Check the appropriate box below if the Form 8-K filing is intended to simultaneously satisfy the filing obligation of the registrant under any of the following provisions:

 

Written communications pursuant to Rule 425 under the Securities Act (17 CFR 230.425)
   
Soliciting material pursuant to Rule 14a-12 under the Exchange Act (17 CFR 240.14a-12)
   
Pre-commencement communications pursuant to Rule 14d-2(b) under the Exchange Act (17 CFR 240.14d-2(b))
   
Pre-commencement communications pursuant to Rule 13e-4(c) under the Exchange Act (17 CFR 240.13e-4(c))

  

Indicate by check mark whether the registrant is an emerging growth company as defined in Rule 405 of the Securities Act of 1933 (§230.405 of this chapter) or Rule 12b-2 of the Securities Exchange Act of 1934 (§240.12b-2 of this chapter).

 

Emerging growth company      ☐

 

If an emerging growth company, indicate by check mark if the registrant has elected not to use the extended transition period for complying with any new or revised financial accounting standards provided pursuant to Section 13(a) of the Exchange Act.

 

 

 

 

 

 

Item 5.02 Departure of Directors or Certain Officers; Election of Directors; Appointment of Certain Officers; Compensatory Arrangements of Certain Officers.

 

On and effective as of December 27, 2018, the Board of Directors (the “Board”) of SG Blocks, Inc. (the “Company”) appointed James C. Potts as a member of the Board, to hold office until the date of the Company’s next annual meeting of stockholders, or until his earlier death, resignation or removal.
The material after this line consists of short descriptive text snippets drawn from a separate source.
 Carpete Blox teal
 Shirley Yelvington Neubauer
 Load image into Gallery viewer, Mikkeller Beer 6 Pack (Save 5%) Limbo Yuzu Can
Upon the recommendation of the existing independent directors of the Board, the Board determined that Mr. Potts is independent under the rules of the Nasdaq Stock Market. Mr. Potts has not been named to any committee of the Board at this time.

 

James C. Potts, 72, currently serves as President of State SteelWorks, LLC (“State Steel”) in Atlanta, Georgia, of which he is also a founding principal. His responsibilities include establishing and overseeing the strategic direction and operating performance of State Steel. Before his tenure with State Steel, Mr. Potts served as Chairman of Verde Apartment Communities, a private REIT involved in the development, construction and management of upscale multi-family communities. Prior to that, Mr. Potts held a number of senior positions with Security Capital Group Incorporated until its sale to General Electric Capital Corporation, including serving as Co-Chairman and Chief Investment Officer of Security Capital Atlantic Incorporated and President and Chief Operating Officer of Homestead Village Incorporated, an extended-stay hotel company that developed and operated hotels across the continental U.S. Prior to that, Mr. Potts was a Senior Partner with Trammell Crow Residential and a member of its management board.

 

There are no arrangements or understandings between Mr. Potts or any other person pursuant to which he was appointed as director, nor does he have any direct or indirect material interests in any transaction required to be disclosed pursuant to Item 404(a) of Regulation S-K. Mr. Potts will participate in the Company’s standard non-employee director compensation arrangements. The Company has entered into its standard director indemnification agreement with Mr. Potts, the form of which was filed as Exhibit 10.1 to the Company’s Registration Statement on Form S-1 (File No. 333-215922), filed with the Securities and Exchange Commission on February 6, 2017, as amended.

 

Item 9.01. Financial Statements and Exhibits.

 

(d) Exhibits

 

The following exhibit is furnished as part of this report:

 

99.1   Press Release, dated January 3, 2019.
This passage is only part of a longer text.